Keep the pictures out. Copy every line of the listing exactly.
--------------------------------
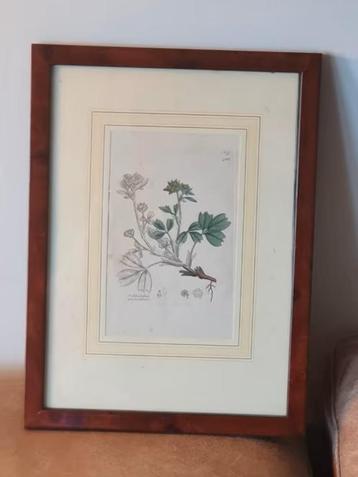 Gravure kruipende sibbaldia James Sowerby English Botany beschikbaar voor biedingen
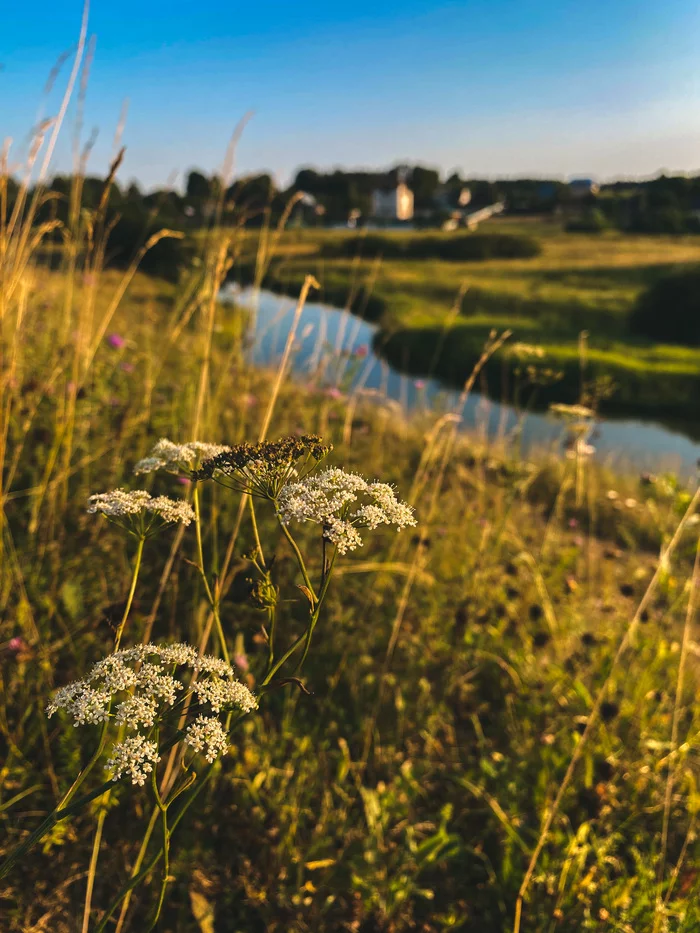 Midsummer - My, The nature of Russia, Подмосковье, Summer, Longpost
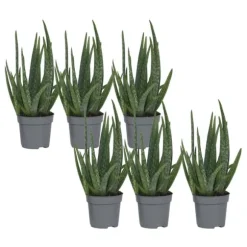 Aloe vera - Sæt med 6 - Aloe barbadensis - Højde 25-40cm - ⌀11cm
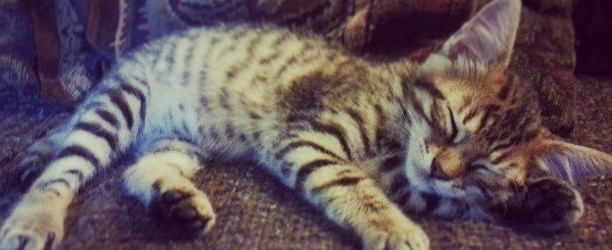 Is Sweet Pea the cutest kitten on the planet?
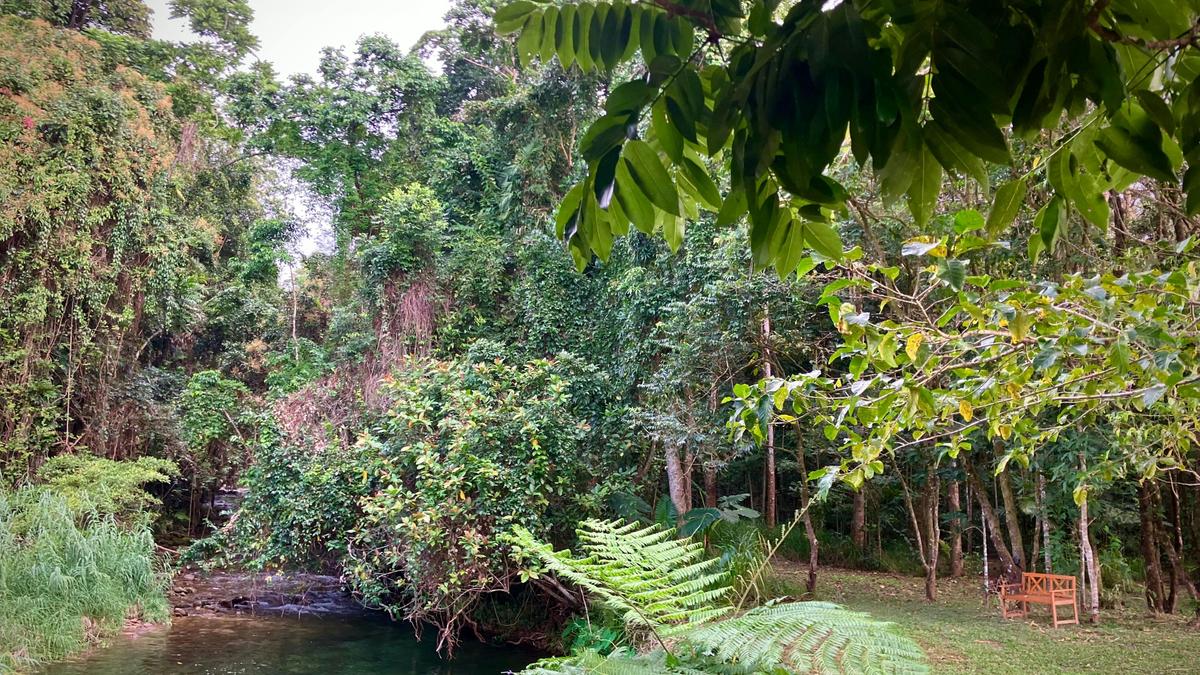 Figtree Creek Oasis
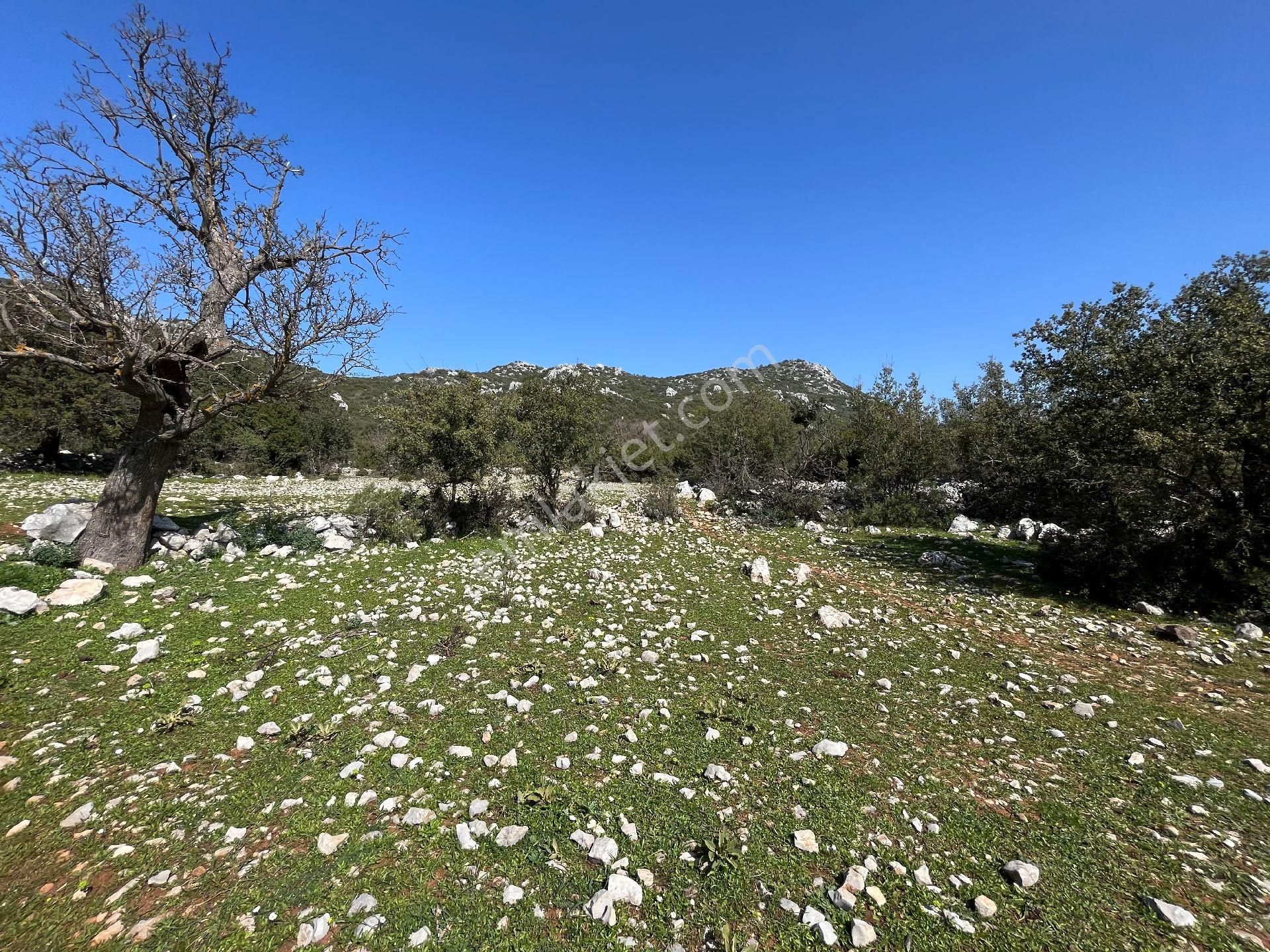 Joker: Marmaris Söğüt Yatırıma Uygun Resmi Yolu Olan Satılık Tarla - Görsel 3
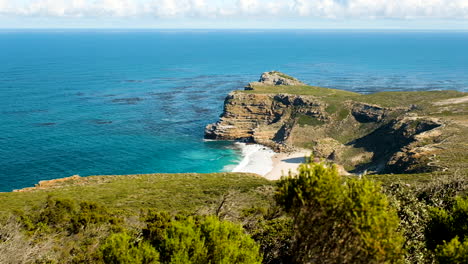 Slider-shot-behind-fynbos-reveals-Diaz-beach-at-Cape-Point,-South-Africa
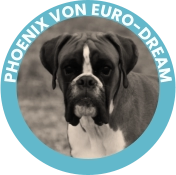 PHOENIX VON EURO-DREAM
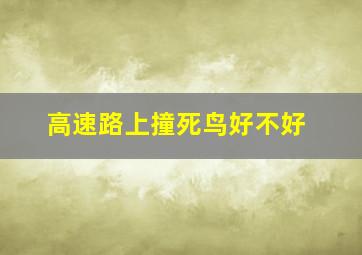 高速路上撞死鸟好不好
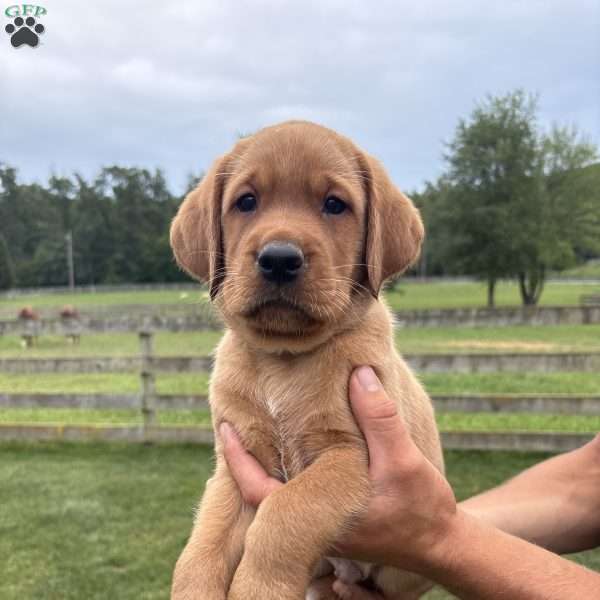 Breck, Fox Red Labrador Retriever Puppy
--------------------------------
TASK SOLUTION -
 Gravure kruipende sibbaldia James Sowerby English Botany beschikbaar voor biedingen
 Midsummer - My, The nature of Russia, Подмосковье, Summer, Longpost
 Aloe vera - Sæt med 6 - Aloe barbadensis - Højde 25-40cm - ⌀11cm
 Is Sweet Pea the cutest kitten on the planet?
 Figtree Creek Oasis
 Joker: Marmaris Söğüt Yatırıma Uygun Resmi Yolu Olan Satılık Tarla - Görsel 3
 Slider-shot-behind-fynbos-reveals-Diaz-beach-at-Cape-Point,-South-Africa
 PHOENIX VON EURO-DREAM
 高速路上撞死鸟好不好
 Breck, Fox Red Labrador Retriever Puppy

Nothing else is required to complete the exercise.